Dopo le tre varietà a buccia verde e una a buccia rossa già protagoniste a Futurpera 2019, quest’anno sono state presentate altre cinque selezioni a buccia rossa.

I principali obiettivi della pluridecennale ricerca che vede impegnati l’Università di Bologna e il Civ sono stati l’ampliamento del calendario di raccolta nel periodo precoce e tardivo, l’elevata qualità dei frutti, la selezione di pere a buccia rossa di interesse per il mercato e lo sviluppo di nuove varietà con maggiore resistenza e tolleranza alle principali avversità del pero (maculatura e colpo di fuoco). Buona produttività, eccellente sapore, da dolce a dolce-acidulo, elevate qualità organolettiche e buona conservabilità sono le principali caratteristiche che contraddistinguono le nuove varietà di pero dell’Alma Mater.

Oltre alle nuove varietà si prova anche a salvare e rilanciare la produttività dell’Abate Fetel, varietà di pera tra le più diffuse in Italia, come sta facendo Geoplant Vivai che torna a scommettere sui portainnesti franchi.

Secondo il consuntivo diffuso da OI Pera, la produzione della celebre varietà italiana, coltivata negli ultimi 30 anni quasi esclusivamente su cotogni, ha toccato i minimi storici nel 2021 confermando l’andamento disastroso e drammatico degli ultimi anni. In Emilia-Romagna le nuove stime pongono la produzione di Abate Fetel poco oltre le 40.000 t., -78% rispetto al già deficitario 2020 e -83% se il confronto viene fatto rispetto all’ultima annata definita “normale” che è quella del 2018.

Clima pazzo e attacchi di patogeni fanno crollare, negli ultimi cinque anni, la produzione di pere italiane (-48%) a 400 milioni di kg a fronte degli oltre 770 milioni di kg prodotti nel 2017, mentre le superfici destinate alla coltivazione diminuiscono del 15%.

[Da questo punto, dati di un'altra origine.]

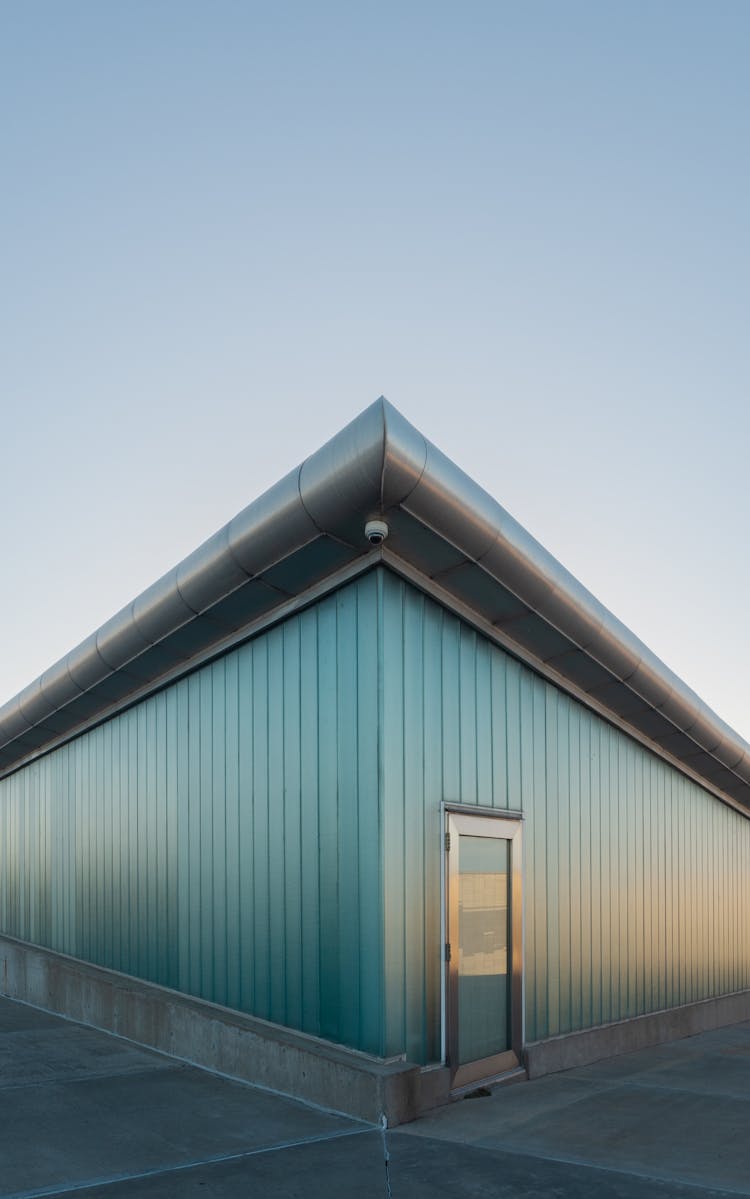 The Corner Of A Building With Glass Walls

Sono questi i dati più significativi del report sulla pericoltura italiana di CAI – Consorzi Agrari d’Italia, elaborato dal Centro Studi Divulga, presentato a FuturPera, la fiera più importante del settore in programma a Ferrara fino a sabato 4 dicembre.

L’Emilia-Romagna, regione particolarmente colpita negli ultimi anni da gelate tardive e problemi fitosanitari, da sola produce il 66% delle pere italiane, seguita da Veneto (11,5%) e Sicilia (6,7%).

Gli incrementi sui prezzi al consumo delle varietà più coltivate, come Kaiser (+36%), Abate Fetel (+31%) e Decana del Comizio (+22%), secondo l’analisi di CAI, non compensano in alcun modo il drastico calo della produzione che si è abbattuto sui bilanci delle aziende agricole.

Ad aggravare il quadro della situazione, nel quinquennio analizzato, la crescita del volume delle importazioni (+5,4%), attestatesi intorno ai 90 milioni di kg, e del valore delle stesse (+25,4%): i principali bacini di approvvigionamento sono Argentina (28% sul totale), Spagna (24%) e Cile (16%).

Nello stesso periodo, invece, le esportazioni di pere italiane, rivolte al 90% in Europa (Germania, Francia, Austria) diminuiscono del 39% in volume e del 30% in valore.

Dopo il forte calo tra il 2017 e il 2018, invece, nel 2020 aumenta il consumo pro capite di pere da parte degli italiani (+39%), frutto che rappresenta il 7% del valore della spesa media relativa al comparto frutticolo, nonostante rientri tra i prodotti maggiormente interessati dai rincari.